Finance Minister Ken Ofori-Atta has told Parliament during the delivery of the mid-year budget statement on Thursday July 29 that he did not come to ask for more money from the House.
He also said he did not come for more taxes rather, he came to update the House and the country on the performance of the economy during the first half of the year.
“I have not come here today to ask for more money, I have not come to ask for more taxes, I have come to update the house on the performance of the economy for the first half of the year,” he said amidst claps from members of Parliament.
He further stated that the Akufo-Addo administration took bold and decisive measures to deal with the negative impact of the covid on the economy.
Mr Ofori-Atta told the House that the huge negative impact of covid on the global economy was to be expected because no country around the world expected a pandemic of this magnitude.
However, he said governments around the world including that of Ghana acted with prudent measures to deal with the situation.
“The hardship of covid 19, the stress, negative impact on employees and employers was unprecedented but expected because no country in the work had prepared for it.

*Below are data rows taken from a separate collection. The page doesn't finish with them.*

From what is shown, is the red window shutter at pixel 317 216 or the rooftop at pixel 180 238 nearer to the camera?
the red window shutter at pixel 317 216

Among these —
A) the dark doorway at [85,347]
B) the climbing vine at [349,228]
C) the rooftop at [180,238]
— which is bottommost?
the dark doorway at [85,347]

“We took responsible, innovative and decisive and bold actions to tackle the crisis,” he said.
As part of efforts to deal with the effect of the covid on the local economy, the central bank unexpectedly cut its benchmark interest rate to the lowest in more than nine years to support the recovery of the economy.

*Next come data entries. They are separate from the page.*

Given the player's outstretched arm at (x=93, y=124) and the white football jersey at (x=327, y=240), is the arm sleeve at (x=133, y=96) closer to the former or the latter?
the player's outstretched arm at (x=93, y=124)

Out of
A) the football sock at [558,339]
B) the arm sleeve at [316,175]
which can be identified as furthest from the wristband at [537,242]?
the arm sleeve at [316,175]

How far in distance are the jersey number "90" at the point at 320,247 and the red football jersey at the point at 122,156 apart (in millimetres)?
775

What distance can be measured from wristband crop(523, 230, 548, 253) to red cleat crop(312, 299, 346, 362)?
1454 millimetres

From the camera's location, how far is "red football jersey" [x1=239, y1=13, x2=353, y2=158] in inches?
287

The monetary policy committee reduced the rate to 13.5% from 14.5%, Governor Ernest Addison told reporters on Monday in Accra, the capital. All four economists in a Bloomberg survey expected the rate to remain unchanged.
Ghana’s central bank was one of the first in sub-Saharan Africa that stepped in last year by cutting lending rates to shield the economy from the fallout of plunging oil prices and lockdowns to curb the spread of the Covid-19 pandemic. While the 150 basis-point cut announced in March 2020 was the last monetary policy support it provided and output expanded at the slowest pace in 37 years, the West African economy still fared better than most of its peers, where gross domestic product contracted.

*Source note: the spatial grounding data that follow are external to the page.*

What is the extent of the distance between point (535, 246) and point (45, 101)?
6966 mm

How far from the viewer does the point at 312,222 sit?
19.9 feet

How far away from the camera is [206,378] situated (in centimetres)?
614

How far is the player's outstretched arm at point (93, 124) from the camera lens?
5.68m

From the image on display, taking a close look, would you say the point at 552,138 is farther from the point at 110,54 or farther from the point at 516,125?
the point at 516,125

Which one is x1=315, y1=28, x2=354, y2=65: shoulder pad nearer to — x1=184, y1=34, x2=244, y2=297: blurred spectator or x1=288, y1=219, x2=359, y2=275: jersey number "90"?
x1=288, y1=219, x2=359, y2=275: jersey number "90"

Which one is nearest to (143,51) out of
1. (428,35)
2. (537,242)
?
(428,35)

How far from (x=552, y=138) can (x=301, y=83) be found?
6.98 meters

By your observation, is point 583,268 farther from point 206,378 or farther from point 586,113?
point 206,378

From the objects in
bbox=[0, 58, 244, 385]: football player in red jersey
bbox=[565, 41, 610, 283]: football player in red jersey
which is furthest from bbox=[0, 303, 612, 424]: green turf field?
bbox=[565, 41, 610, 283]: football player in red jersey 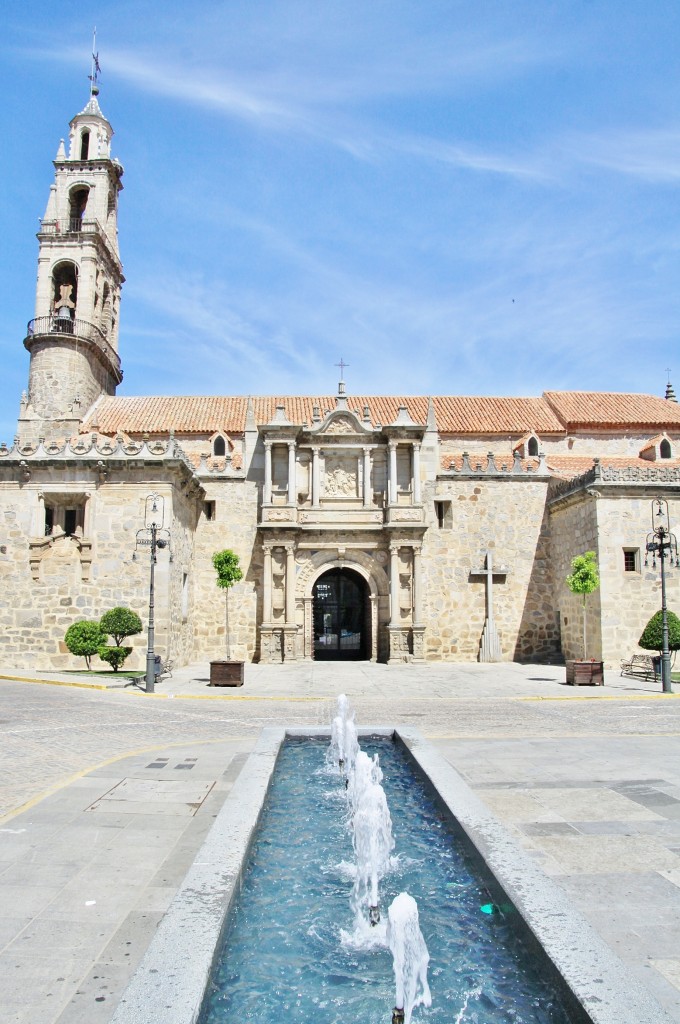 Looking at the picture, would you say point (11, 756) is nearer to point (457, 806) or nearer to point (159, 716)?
point (159, 716)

Economic activity has picked up strongly, even as new taxes that were implemented this month weighed on consumer and business confidence, Addison said. GDP could expand by 4.6% this year, according to International Monetary Fund projections.
Inflation dropped to a 13-month low of 8.5% in April, moving close to the centre of the central bank’s target range as food-cost growth eased. That’s after the rate was above the target band of 6% to 10% for most of the past year. The MPC expects the rate of price growth to reach the midpoint of the target range by June.
Positive moves in the economy and on the direction of inflation, as well as the fact that the risks associated with last year’s election are over, gave the MPC room to bring down the policy rate to signal progress, Addison said.